Yeah i can understand that this may not be a priority to some... however i just feel that having that ability to change my stance width even slightly would be great. After all its all about rider feel.


----------



## ashraff (Feb 23, 2018)

neni said:


> Just write to Burton customers service. They'll send you those discs.
> 
> 
> 
> I'm the contrary. I feel the difference of 1cm stance width immediately. Feel constricted. Few degrees of angle shift? Idk. Honestly? I have to look up angles alla time. Can't memorise them. it's something around 18/6, but wouldn't be surprized, if on some boards, it's 15/3 or 18/3 or 15/9. Dunno. All fine. But I surely know that every board has 58.5cm stance width cos any other number feels odd


Yeah i've written to Burton about 6 days ago and yet no reply. So am wondering if i need to write to them again or go elsewhere if necessary. What say you?


----------



## wrathfuldeity (Oct 5, 2007)

another alternative to find the disc

https://www.fixmybinding.com/


----------



## neni (Dec 24, 2012)

ashraff said:


> Yeah i've written to Burton about 6 days ago and yet no reply. So am wondering if i need to write to them again or go elsewhere if necessary. What say you?


Maybe call? Dunno how US custommer service usually works... Euro one is reliable and answers within few days.


----------



## freshy (Nov 18, 2009)

ashraff said:


> Hi all,
> 
> Just bought my first board and bindings... Got myself the Yes Typo and Burton Malavitas.
> 
> ...


Ugh, I suppose there are no snowboard shops in Malaysia hey?
Maybe join some snowboard groups on facebook. I know Snowboardtraders has a lot of shops and just helpful people who probably have the part you need for way less that retail. I'm sure shipping will be crazy tho.


----------



## freshy (Nov 18, 2009)

ashraff said:


> Yeah i've written to Burton about 6 days ago and yet no reply. So am wondering if i need to write to them again or go elsewhere if necessary. What say you?


Try again. They are known for customer service, or so I'm lead to believe.


----------



## F1EA (Oct 25, 2013)

Burton has those discs, you can call them instead of emailing and stuff.
But you lose the Reflex functionality, plus you lose heel/toe adjustability to center your boots on the board, which is far more important than a very precise stance width. 

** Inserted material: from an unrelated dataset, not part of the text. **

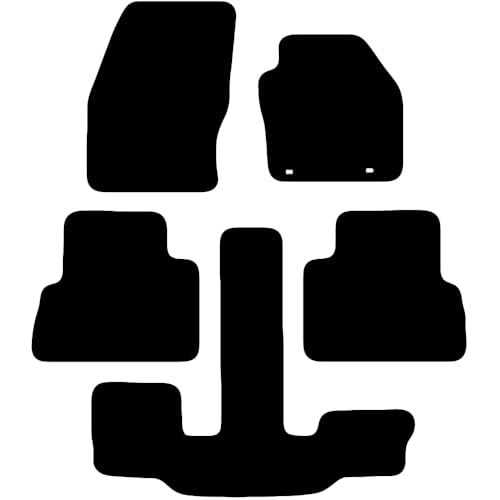 Image of Carsio Tailored Carpet Car Floor Mats For Ford C Max Grand (oval clips) 2011-2013 Tailored Fit Floor Mat Complete Accessory Black Custom Fitted - All Weather, Anti-Slip Backing & Black Trim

If you're that picky about a precise stance width; then either trade your board for a channel board, or trade the bindings for Union or Rome bindings with an adjustable heelcup.


----------



## SGboarder (Jun 24, 2012)

Snow Hound said:


> If you happen to be in the middle set of holes you could just turn the disc 90 degrees to give you a finer adjustment.


Nope, can't do that with the Burton reflex disks.



neni said:


> Just write to Burton customers service. They'll send you those discs.


This. And...



neni said:


> Maybe call? Dunno how US custommer service usually works... Euro one is reliable and answers within few days.


...yes, might have to try a couple of different rider services because there is customer service team responsible for SE Asia. US team will usually pass it to the Australia team or sometimes to Japan. Somebody should be able to help eventiually.


----------



## Bertieman (Jan 19, 2014)

So I also got a pair of malavitas and raised this same question to burton. First off, let me assure you their entire team is clueless; why they don't have an adjustable heel cup and better mounting discs is BEYOND me. I have the same stance width issue as you, plus I also have super heel overhang. My mounting discs are all the way forward and I have way more heel overhang than toe overhang. The issues with burton adjustability also goes for the toe/heel length as well as our stance width issue. 

This is what their response was: 

"Thank you for providing me with that photo. Based on the image, I do not imagine you would have difficulty with heal drag. 

Our hard good's specialist confirmed to me that adjusting the heel cup with our binding would not solve this specific problem. 

If you are able to, I would suggest downsizing to a Medium binding for a smaller footprint."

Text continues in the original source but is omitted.